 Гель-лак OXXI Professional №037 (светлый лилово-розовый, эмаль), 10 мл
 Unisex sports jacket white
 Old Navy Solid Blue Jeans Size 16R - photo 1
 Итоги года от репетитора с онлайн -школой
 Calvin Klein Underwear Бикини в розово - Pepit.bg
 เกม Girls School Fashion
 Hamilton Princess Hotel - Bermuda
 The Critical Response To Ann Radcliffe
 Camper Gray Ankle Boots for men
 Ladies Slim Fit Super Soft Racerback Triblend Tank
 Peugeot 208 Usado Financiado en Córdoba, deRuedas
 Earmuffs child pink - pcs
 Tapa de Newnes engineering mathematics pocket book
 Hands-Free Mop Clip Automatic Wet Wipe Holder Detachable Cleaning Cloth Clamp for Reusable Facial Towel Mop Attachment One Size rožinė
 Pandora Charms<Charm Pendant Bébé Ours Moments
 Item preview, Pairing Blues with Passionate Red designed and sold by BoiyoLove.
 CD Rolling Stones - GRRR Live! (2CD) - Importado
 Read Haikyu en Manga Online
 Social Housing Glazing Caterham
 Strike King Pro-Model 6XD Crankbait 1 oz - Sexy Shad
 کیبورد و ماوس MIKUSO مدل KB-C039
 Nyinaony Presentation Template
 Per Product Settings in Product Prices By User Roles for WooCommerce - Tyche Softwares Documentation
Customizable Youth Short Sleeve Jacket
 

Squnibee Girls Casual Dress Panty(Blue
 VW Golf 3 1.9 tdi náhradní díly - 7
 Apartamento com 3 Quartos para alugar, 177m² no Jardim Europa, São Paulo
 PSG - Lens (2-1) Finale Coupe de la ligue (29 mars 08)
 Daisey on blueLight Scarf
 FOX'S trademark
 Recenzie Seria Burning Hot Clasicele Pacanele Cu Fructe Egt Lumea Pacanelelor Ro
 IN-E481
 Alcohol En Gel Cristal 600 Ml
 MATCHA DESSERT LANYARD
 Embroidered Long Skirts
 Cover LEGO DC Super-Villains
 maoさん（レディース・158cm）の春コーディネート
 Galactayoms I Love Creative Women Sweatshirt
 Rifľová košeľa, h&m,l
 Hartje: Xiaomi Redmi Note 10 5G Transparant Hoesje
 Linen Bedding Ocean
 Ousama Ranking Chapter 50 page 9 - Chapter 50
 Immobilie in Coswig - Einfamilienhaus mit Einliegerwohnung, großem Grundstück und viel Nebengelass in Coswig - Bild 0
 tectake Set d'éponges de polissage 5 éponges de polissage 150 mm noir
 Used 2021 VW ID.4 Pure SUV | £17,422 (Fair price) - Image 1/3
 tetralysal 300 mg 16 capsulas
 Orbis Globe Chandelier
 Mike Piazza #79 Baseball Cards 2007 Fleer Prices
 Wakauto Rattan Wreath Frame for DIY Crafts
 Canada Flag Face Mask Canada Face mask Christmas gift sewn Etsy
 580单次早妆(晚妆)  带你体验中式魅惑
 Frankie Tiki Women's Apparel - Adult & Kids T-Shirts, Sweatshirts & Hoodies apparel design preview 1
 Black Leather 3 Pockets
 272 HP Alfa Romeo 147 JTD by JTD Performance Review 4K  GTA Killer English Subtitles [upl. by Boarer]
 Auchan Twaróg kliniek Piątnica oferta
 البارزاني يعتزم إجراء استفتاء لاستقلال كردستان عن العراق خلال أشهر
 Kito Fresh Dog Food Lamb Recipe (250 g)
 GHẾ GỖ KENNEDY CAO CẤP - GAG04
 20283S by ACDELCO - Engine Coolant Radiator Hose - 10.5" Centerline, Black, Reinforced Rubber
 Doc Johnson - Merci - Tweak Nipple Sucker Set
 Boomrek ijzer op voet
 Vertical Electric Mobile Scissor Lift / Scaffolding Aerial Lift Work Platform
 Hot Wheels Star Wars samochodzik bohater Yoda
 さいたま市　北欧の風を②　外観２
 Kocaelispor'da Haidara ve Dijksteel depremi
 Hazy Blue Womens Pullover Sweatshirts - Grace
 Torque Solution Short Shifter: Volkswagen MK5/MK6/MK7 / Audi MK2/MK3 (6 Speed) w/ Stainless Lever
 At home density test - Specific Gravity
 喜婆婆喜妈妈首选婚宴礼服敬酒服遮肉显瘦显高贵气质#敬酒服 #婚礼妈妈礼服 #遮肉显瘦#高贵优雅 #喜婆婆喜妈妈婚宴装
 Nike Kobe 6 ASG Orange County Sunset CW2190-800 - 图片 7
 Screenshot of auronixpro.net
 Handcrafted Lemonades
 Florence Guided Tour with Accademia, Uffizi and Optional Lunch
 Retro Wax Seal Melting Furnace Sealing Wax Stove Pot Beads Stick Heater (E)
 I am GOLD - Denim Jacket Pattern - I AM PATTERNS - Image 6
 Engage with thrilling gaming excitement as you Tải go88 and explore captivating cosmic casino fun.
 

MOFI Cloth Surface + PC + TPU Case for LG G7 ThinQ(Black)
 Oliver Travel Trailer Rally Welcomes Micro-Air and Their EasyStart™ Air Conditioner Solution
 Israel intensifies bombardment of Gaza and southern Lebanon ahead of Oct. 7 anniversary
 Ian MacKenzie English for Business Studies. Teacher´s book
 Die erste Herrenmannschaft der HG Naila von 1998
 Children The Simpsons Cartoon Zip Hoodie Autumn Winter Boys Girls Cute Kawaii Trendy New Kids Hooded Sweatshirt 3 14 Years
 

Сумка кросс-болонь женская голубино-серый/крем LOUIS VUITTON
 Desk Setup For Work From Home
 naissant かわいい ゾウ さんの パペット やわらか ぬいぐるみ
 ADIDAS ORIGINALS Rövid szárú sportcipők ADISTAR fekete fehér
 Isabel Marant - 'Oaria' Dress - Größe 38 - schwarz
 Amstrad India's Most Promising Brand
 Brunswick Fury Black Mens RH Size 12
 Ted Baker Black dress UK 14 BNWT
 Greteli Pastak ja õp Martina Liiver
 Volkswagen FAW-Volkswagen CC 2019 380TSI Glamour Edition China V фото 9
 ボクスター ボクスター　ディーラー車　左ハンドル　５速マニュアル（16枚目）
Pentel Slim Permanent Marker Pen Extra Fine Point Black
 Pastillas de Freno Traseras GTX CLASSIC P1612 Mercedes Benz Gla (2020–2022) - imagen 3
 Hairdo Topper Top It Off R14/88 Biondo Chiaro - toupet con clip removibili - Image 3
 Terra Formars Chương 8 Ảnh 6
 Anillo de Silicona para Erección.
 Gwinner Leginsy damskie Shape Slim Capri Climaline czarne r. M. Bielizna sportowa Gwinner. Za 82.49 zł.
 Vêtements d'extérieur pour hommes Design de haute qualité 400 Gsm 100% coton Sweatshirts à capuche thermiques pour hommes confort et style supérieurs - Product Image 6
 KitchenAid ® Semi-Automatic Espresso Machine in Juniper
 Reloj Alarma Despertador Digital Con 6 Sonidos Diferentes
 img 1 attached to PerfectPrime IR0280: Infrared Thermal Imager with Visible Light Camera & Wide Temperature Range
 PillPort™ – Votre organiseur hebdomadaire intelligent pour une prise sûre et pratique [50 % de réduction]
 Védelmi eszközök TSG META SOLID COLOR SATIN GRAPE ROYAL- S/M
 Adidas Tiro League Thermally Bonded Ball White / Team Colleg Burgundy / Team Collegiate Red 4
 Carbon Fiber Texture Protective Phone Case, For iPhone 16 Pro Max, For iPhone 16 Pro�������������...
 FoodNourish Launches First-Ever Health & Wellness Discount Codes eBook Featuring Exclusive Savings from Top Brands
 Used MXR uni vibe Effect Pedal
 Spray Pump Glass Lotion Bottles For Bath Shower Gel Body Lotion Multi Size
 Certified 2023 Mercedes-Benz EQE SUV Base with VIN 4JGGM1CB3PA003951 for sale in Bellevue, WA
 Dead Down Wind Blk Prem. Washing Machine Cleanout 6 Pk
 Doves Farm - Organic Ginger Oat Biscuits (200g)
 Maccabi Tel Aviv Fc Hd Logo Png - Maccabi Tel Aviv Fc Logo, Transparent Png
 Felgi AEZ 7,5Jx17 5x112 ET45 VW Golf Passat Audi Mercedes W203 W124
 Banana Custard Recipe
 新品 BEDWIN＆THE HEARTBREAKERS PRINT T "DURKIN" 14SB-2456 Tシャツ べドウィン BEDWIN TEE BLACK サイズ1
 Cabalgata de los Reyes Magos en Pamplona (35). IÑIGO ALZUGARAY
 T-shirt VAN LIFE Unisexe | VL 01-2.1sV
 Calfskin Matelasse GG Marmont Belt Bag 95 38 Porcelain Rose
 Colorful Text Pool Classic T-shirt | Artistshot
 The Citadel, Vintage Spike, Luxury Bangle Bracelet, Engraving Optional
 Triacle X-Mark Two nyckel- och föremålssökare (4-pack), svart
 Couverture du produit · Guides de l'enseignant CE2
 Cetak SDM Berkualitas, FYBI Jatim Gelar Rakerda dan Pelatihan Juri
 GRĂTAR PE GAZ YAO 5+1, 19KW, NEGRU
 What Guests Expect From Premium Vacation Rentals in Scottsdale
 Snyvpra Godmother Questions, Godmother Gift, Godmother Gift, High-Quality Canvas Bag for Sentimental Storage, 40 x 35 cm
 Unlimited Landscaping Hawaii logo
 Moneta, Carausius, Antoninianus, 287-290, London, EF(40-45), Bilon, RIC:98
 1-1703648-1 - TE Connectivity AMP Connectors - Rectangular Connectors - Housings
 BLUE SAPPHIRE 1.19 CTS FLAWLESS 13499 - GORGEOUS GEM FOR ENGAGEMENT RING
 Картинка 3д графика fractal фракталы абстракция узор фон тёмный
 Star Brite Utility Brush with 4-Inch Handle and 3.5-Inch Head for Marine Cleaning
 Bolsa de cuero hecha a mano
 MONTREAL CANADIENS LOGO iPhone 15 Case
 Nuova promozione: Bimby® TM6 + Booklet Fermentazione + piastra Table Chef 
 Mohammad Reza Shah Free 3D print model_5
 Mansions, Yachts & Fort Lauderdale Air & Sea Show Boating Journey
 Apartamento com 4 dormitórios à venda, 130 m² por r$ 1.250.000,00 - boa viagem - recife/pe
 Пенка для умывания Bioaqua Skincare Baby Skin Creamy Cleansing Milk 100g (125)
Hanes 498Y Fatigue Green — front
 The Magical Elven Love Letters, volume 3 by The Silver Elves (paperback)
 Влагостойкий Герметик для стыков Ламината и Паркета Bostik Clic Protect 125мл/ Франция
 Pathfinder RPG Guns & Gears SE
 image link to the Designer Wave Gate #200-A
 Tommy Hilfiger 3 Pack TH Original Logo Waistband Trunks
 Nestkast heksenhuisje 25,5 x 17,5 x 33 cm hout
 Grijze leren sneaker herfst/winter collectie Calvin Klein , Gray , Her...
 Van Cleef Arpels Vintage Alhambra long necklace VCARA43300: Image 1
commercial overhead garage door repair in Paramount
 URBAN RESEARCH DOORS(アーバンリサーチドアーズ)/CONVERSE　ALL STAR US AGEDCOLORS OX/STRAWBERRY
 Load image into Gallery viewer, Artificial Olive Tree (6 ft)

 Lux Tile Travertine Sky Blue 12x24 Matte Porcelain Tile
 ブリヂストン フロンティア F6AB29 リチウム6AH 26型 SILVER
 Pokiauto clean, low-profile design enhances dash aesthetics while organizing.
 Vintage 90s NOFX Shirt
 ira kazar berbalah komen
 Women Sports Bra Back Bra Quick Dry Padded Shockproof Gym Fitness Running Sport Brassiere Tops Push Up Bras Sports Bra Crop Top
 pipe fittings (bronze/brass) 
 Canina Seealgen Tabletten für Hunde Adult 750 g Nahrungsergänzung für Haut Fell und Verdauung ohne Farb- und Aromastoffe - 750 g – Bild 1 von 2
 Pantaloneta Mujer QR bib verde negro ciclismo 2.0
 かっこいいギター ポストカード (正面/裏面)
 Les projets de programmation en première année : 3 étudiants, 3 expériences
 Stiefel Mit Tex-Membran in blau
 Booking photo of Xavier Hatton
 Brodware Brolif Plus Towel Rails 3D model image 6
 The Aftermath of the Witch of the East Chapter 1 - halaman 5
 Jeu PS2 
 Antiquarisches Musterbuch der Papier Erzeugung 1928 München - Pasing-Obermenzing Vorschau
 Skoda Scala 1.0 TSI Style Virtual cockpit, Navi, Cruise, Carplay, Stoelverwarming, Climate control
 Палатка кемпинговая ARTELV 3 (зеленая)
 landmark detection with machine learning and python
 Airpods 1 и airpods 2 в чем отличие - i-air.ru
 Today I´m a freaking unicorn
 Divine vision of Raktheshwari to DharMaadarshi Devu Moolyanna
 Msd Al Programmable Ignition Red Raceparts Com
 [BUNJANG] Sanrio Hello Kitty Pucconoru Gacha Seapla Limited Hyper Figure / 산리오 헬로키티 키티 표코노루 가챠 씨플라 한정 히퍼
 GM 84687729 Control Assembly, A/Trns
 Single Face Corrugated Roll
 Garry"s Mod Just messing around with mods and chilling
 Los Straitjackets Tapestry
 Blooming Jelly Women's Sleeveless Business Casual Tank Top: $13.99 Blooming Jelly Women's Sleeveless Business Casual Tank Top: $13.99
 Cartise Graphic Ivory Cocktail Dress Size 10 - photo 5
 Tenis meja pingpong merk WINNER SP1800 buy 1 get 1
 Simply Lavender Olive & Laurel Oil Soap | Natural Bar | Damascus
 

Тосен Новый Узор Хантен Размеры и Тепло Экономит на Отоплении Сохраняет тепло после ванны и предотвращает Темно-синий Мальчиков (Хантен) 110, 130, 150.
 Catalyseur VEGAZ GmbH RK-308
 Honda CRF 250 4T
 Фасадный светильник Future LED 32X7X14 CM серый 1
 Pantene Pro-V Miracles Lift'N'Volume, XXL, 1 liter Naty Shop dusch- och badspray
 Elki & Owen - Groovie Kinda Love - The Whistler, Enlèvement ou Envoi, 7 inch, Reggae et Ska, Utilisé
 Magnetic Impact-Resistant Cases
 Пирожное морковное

◇ ◇ ◇

The task =
Each line containing "Apartamento" belongs in the answer; pick these out of the material and copy them.

Result of this task =
 Apartamento com 3 Quartos para alugar, 177m² no Jardim Europa, São Paulo
 Apartamento com 4 dormitórios à venda, 130 m² por r$ 1.250.000,00 - boa viagem - recife/pe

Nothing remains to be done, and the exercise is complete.